If any of you do not already know, I am horrible at receiving compliments.
I push them aside like they are nothing, like whomever just shared their thoughts didn’t really mean what they said.
But what I have come to realize is that it really isn’t a problem that I stink at receiving compliments. The real problem is that I actually do not believe the person who is complimenting me.
And then what that realization leads to is this: it is so hard for me to receive love. It is hard for me to understand why others would love me for who I am, for what I look like, what I say, or whatever it may be. It is hard for me to take the compliment of “You are beautiful” or “I love you for” fill in the blank, whatever it is, because I am so incredibly aware of my flaws. I am constantly aware of my faults, my downfalls, and most importantly, my sinful thoughts that no one else can hear.
I think that I do not deserve the love others try to give me because there is always someone just a tad bit more godly than me, always someone prettier, always someone better.
But man is that the farthest from the truth.
The Lord really just threw His love for me through one of my closest friends, literally almost pushing me down by how much love I received in just 30 minutes.
That 30 minutes was a photoshoot with my wonderful girlfriend Morgan. It was 30 minutes filled with her constantly encouraging me and her throwing compliments at me left and right. She did not dare let me leave without me understanding how deeply I was loved and how truly wonderful I was and am.
Morgan Judge, you deserve all the thanks in the world, because little did you know, I needed that more than ever.

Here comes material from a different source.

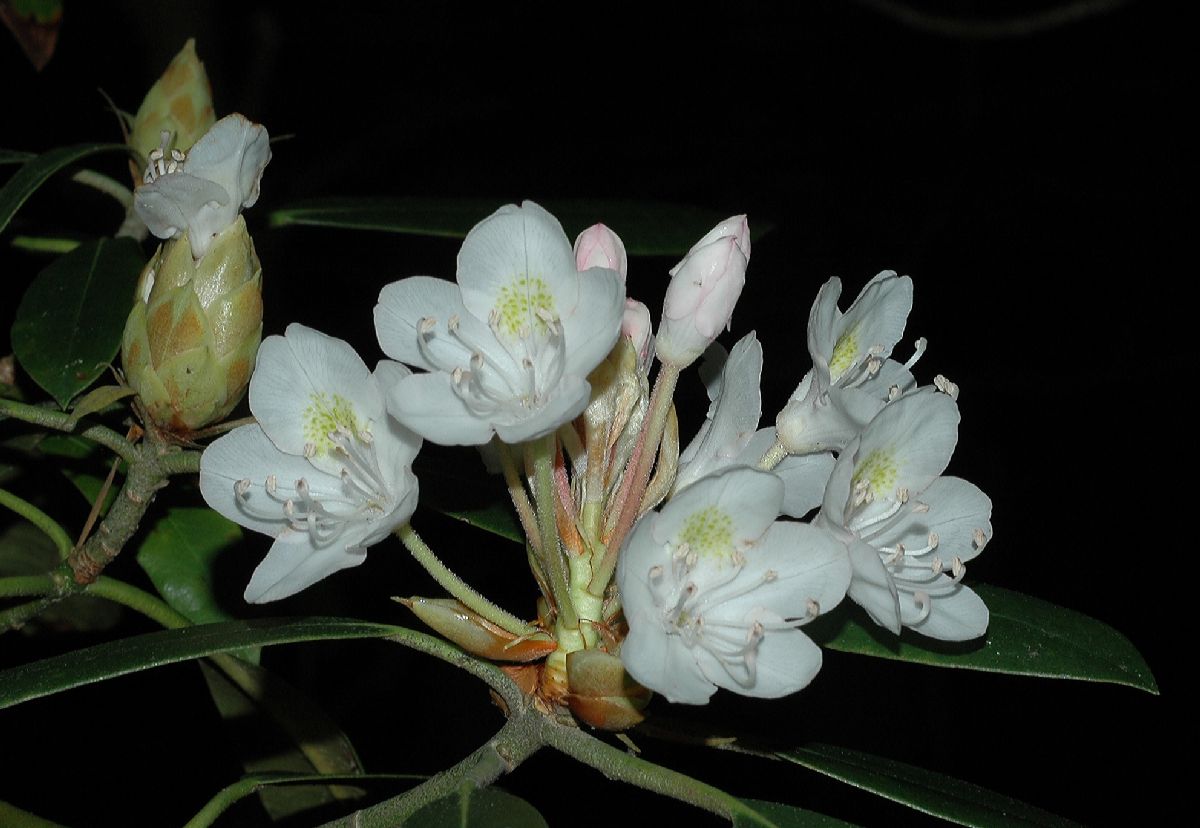 Ericaceae Rhododendron maximum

Funny how my Heavenly Father knew and I didn’t, huh?
So I think it is good me for me to share this, and even though it is way out of my comfort zone and so weird for me, it is even better for me to share some pictures that Morgan took of m- because she made me feel beautiful. She made me feel loved. Without even knowing it Morgs, you forced me to receive your love and His love. You taught me how to just stop, soak in the love others give to me, and believe them with every bone in my body.
So thank you Morgs. For loving me and for making me feel like the most precious, beautiful daughter of the King.
Because I am, and so are each and every one of you.
Girls, please do not forget that you are a beautiful, perfect, lovely daughter of the Most High King. A King who showers you in His love and mercy every day because He loves you. A King who looks at you every morning and says, you are worth it.
So take the love that the Lord has given you today, tomorrow, and the next. Don’t you dare turn down encouraging words or uplifting compliments from those around you. The Lord surrounds you with people so that you can feel loved and be loved, so that you can be blessed every day.
Take the love and soak it all up. Because you deserve it my darling.
You may notice that all of these photos are close up, which happens to be my least favorite part about photo shoots. But thats what is so cool about having a friend like Morgs- she forces vulnerability and in return, makes you feel so dang beautiful.